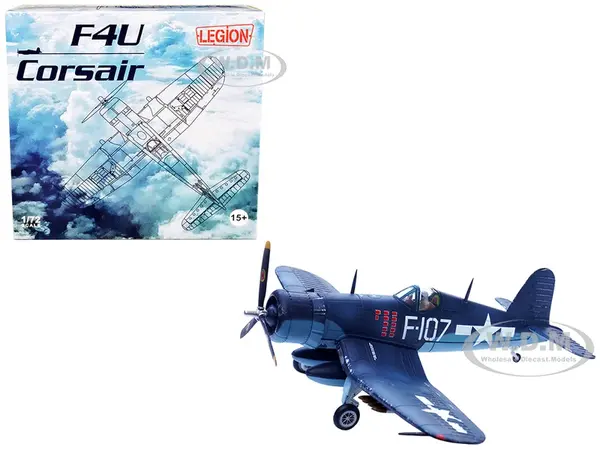 Vought F4U-1D Corsair Fighter Plane "1st Lt. Phillip DeLong Marine Fighter Squadron (VMF-224)" (1945) 1/72 Diecast Model Airplane by Legion
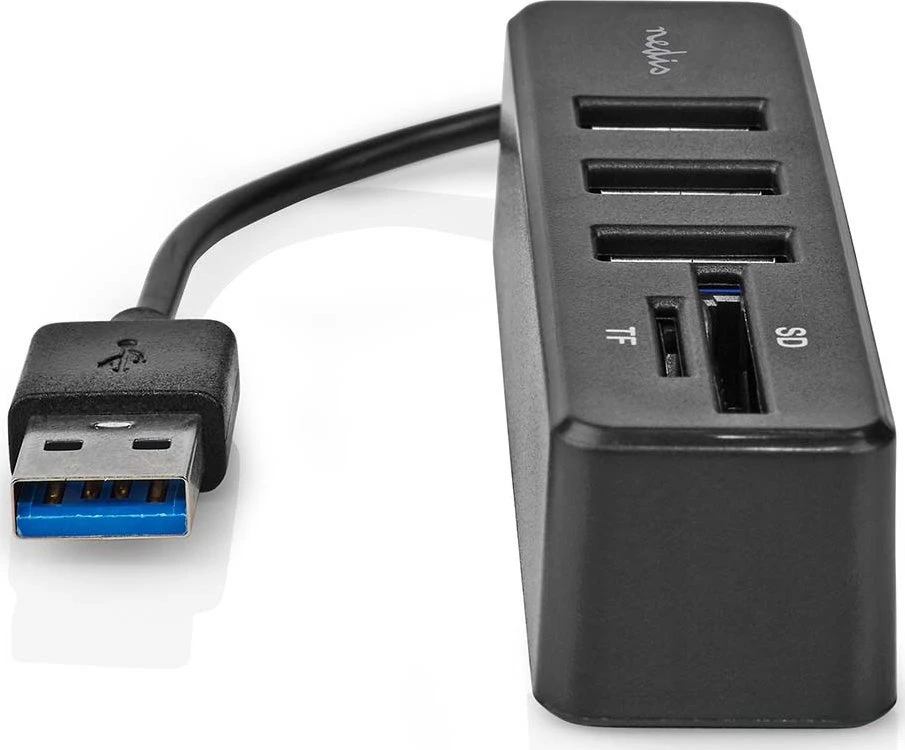 HUB USB Nedis CCGB60250BK01 huby i koncentratory
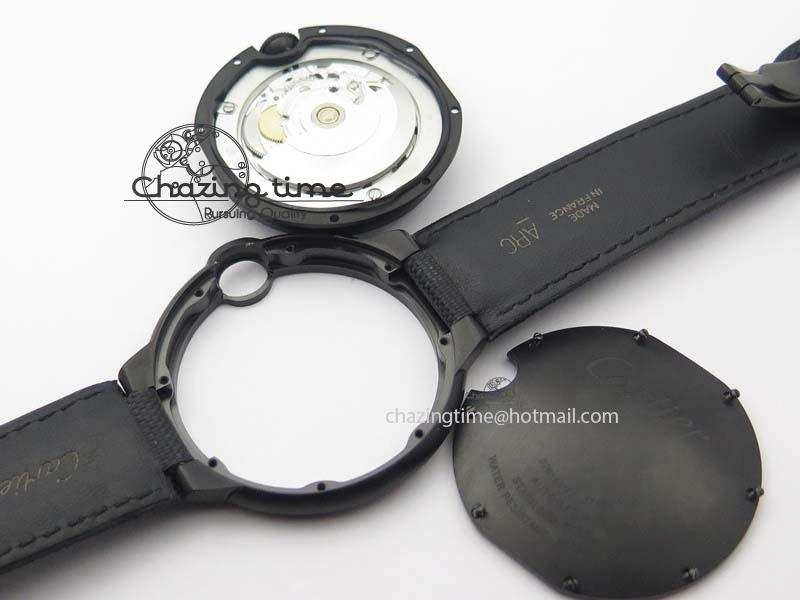 Ballon Bleu 42mm DLC Best Edition Black Dial On Black Nylon Strap A Timeless 6304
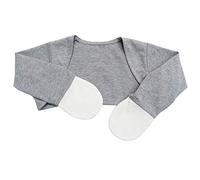 EDENSWEAR Zinc-Infused Mitten Sleeves for Kids with Eczema (Gray, 36 Month)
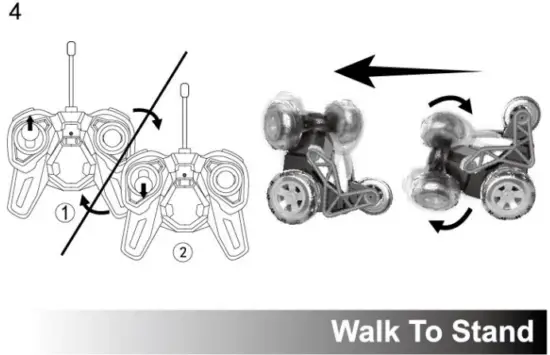 MKB 5588 610 Climbing RC Cars 27MHz 4CH Stunt Car - 9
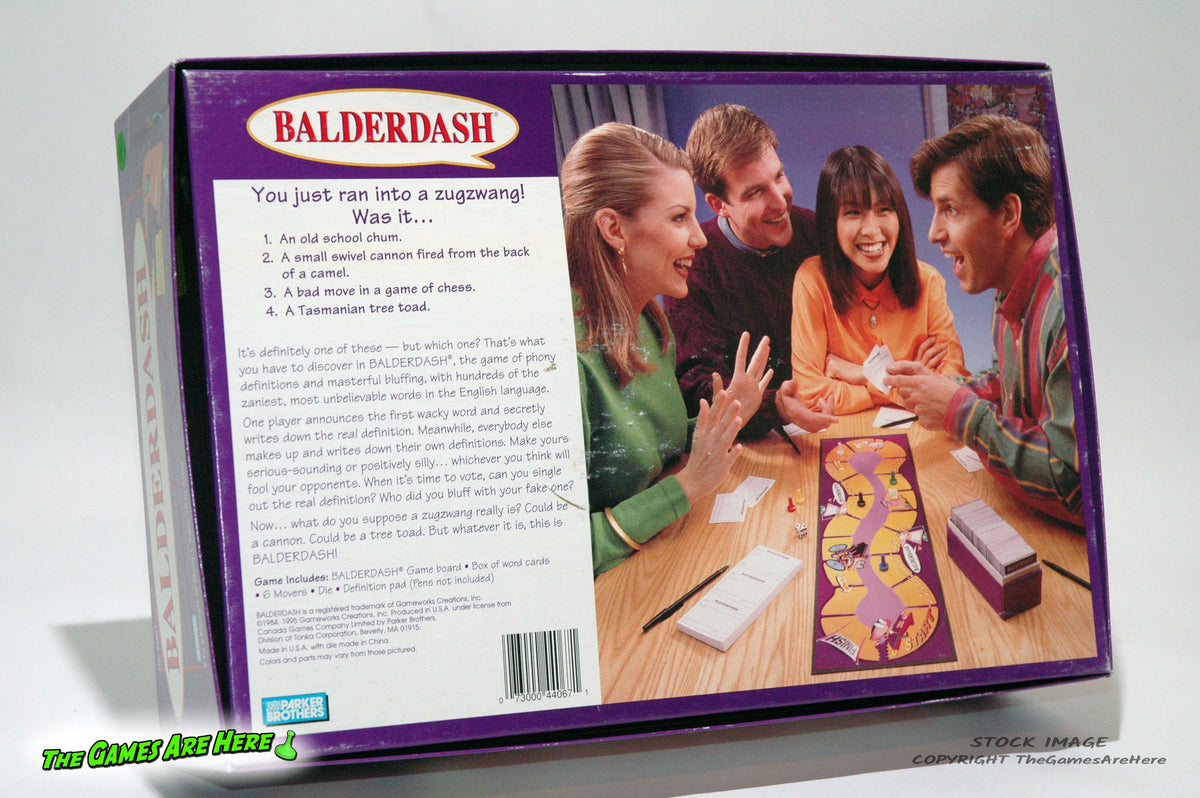 Vintage 1995 BALDERDASH GAME by Parker Brothers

=-=-=-=-=

» Your assignment:
Beginning at the first line of the listing, print each line exactly until and including the one that has "EDENSWEAR Zinc-Infused Mitten"; skip pictures.

» Finished task:
 Vought F4U-1D Corsair Fighter Plane "1st Lt. Phillip DeLong Marine Fighter Squadron (VMF-224)" (1945) 1/72 Diecast Model Airplane by Legion
 HUB USB Nedis CCGB60250BK01 huby i koncentratory
 Ballon Bleu 42mm DLC Best Edition Black Dial On Black Nylon Strap A Timeless 6304
 EDENSWEAR Zinc-Infused Mitten Sleeves for Kids with Eczema (Gray, 36 Month)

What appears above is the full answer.